▼▼▼
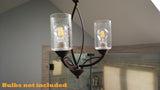 3 Pack clear seeded bubble glass shade cylinder for light fixtures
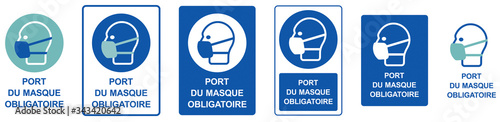 PANNEAU PORT DU MASQUE OBLIGATOIRE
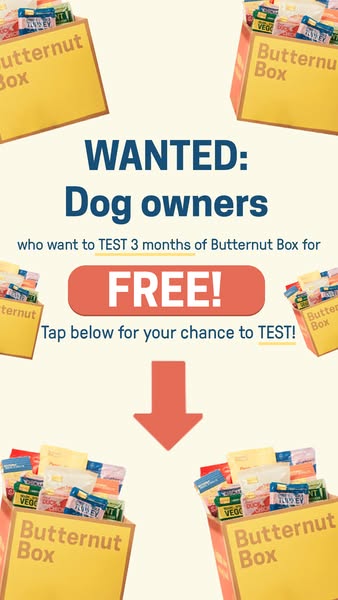 Butternut Box ad: 🐶Are you a dog owner?🐶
▲▲▲
__What the task asks__: Omit every picture while printing the data word for word.

__Response__:
 3 Pack clear seeded bubble glass shade cylinder for light fixtures
 PANNEAU PORT DU MASQUE OBLIGATOIRE
 Butternut Box ad: 🐶Are you a dog owner?🐶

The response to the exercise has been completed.